SUPPLIED ENTRIES:
'''
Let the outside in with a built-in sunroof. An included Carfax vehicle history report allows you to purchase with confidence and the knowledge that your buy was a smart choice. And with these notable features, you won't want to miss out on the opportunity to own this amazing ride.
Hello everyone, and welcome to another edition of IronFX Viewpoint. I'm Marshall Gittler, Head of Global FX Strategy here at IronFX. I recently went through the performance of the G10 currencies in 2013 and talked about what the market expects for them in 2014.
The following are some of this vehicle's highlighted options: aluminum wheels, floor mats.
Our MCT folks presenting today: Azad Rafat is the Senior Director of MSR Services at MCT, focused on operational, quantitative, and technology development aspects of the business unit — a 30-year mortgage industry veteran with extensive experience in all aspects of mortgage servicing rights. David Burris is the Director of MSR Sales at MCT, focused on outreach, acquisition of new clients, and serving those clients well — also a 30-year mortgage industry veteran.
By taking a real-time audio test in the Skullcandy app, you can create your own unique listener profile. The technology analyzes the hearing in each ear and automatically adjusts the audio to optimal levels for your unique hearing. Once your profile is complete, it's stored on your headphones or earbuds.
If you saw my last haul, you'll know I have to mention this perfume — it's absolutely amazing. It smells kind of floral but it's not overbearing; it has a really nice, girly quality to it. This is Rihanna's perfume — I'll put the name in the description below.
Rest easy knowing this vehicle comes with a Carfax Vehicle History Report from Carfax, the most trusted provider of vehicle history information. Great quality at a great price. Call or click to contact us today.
'''
'''
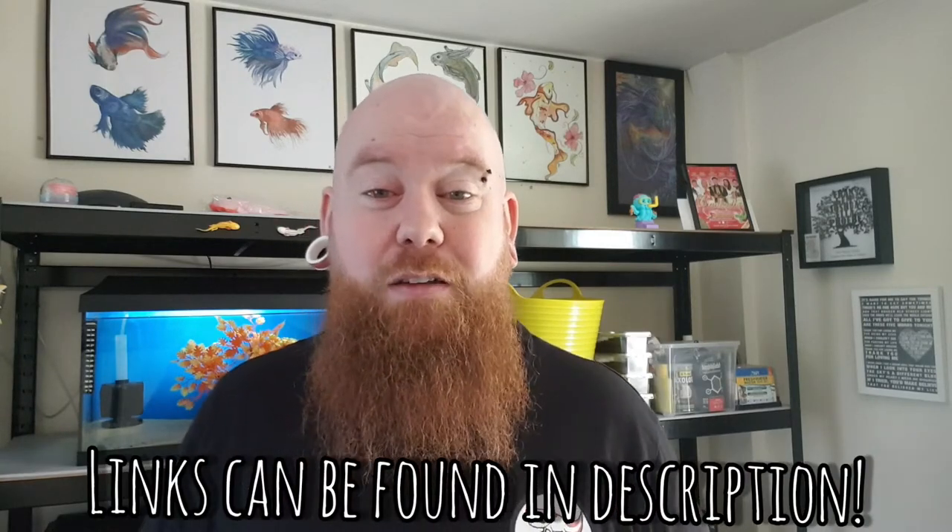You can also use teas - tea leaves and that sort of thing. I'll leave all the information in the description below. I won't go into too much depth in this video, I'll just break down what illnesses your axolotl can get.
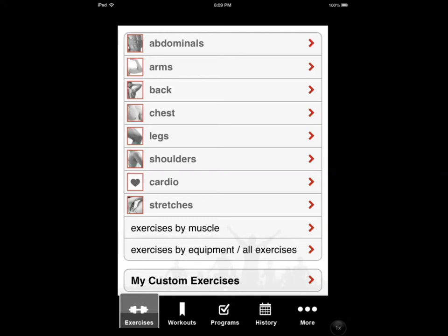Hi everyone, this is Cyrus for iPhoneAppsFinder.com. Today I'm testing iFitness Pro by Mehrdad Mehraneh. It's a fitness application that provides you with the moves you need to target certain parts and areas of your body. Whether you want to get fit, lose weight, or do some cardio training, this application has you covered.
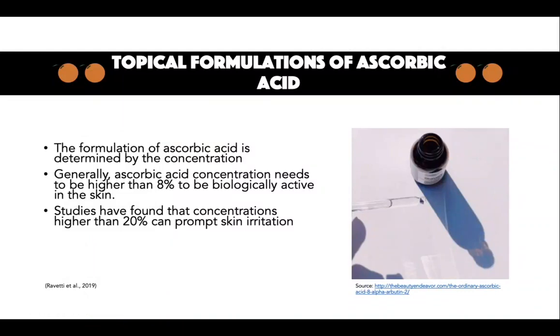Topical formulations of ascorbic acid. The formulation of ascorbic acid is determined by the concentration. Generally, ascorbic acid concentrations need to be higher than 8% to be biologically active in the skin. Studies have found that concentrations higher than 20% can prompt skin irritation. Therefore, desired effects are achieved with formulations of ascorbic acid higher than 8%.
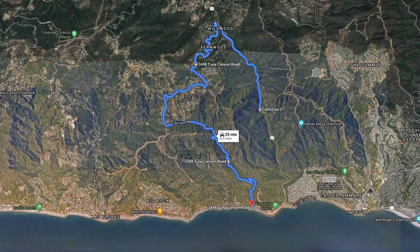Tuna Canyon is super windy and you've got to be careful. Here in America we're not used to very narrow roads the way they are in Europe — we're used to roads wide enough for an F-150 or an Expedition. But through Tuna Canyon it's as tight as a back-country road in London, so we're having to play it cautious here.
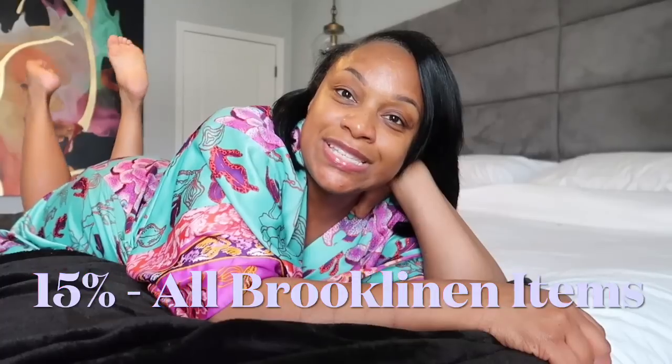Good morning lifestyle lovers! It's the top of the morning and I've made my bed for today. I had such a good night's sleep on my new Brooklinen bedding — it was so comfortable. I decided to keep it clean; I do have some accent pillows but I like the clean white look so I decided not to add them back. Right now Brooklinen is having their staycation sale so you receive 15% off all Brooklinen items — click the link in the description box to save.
'''
ACTIVITY: Using the data above, repeat exactly the lines that begin at the line with "Let the outside" and end at the line with "If you saw my", both ends included.

OUTPUT BELOW:
Let the outside in with a built-in sunroof. An included Carfax vehicle history report allows you to purchase with confidence and the knowledge that your buy was a smart choice. And with these notable features, you won't want to miss out on the opportunity to own this amazing ride.
Hello everyone, and welcome to another edition of IronFX Viewpoint. I'm Marshall Gittler, Head of Global FX Strategy here at IronFX. I recently went through the performance of the G10 currencies in 2013 and talked about what the market expects for them in 2014.
The following are some of this vehicle's highlighted options: aluminum wheels, floor mats.
Our MCT folks presenting today: Azad Rafat is the Senior Director of MSR Services at MCT, focused on operational, quantitative, and technology development aspects of the business unit — a 30-year mortgage industry veteran with extensive experience in all aspects of mortgage servicing rights. David Burris is the Director of MSR Sales at MCT, focused on outreach, acquisition of new clients, and serving those clients well — also a 30-year mortgage industry veteran.
By taking a real-time audio test in the Skullcandy app, you can create your own unique listener profile. The technology analyzes the hearing in each ear and automatically adjusts the audio to optimal levels for your unique hearing. Once your profile is complete, it's stored on your headphones or earbuds.
If you saw my last haul, you'll know I have to mention this perfume — it's absolutely amazing. It smells kind of floral but it's not overbearing; it has a really nice, girly quality to it. This is Rihanna's perfume — I'll put the name in the description below.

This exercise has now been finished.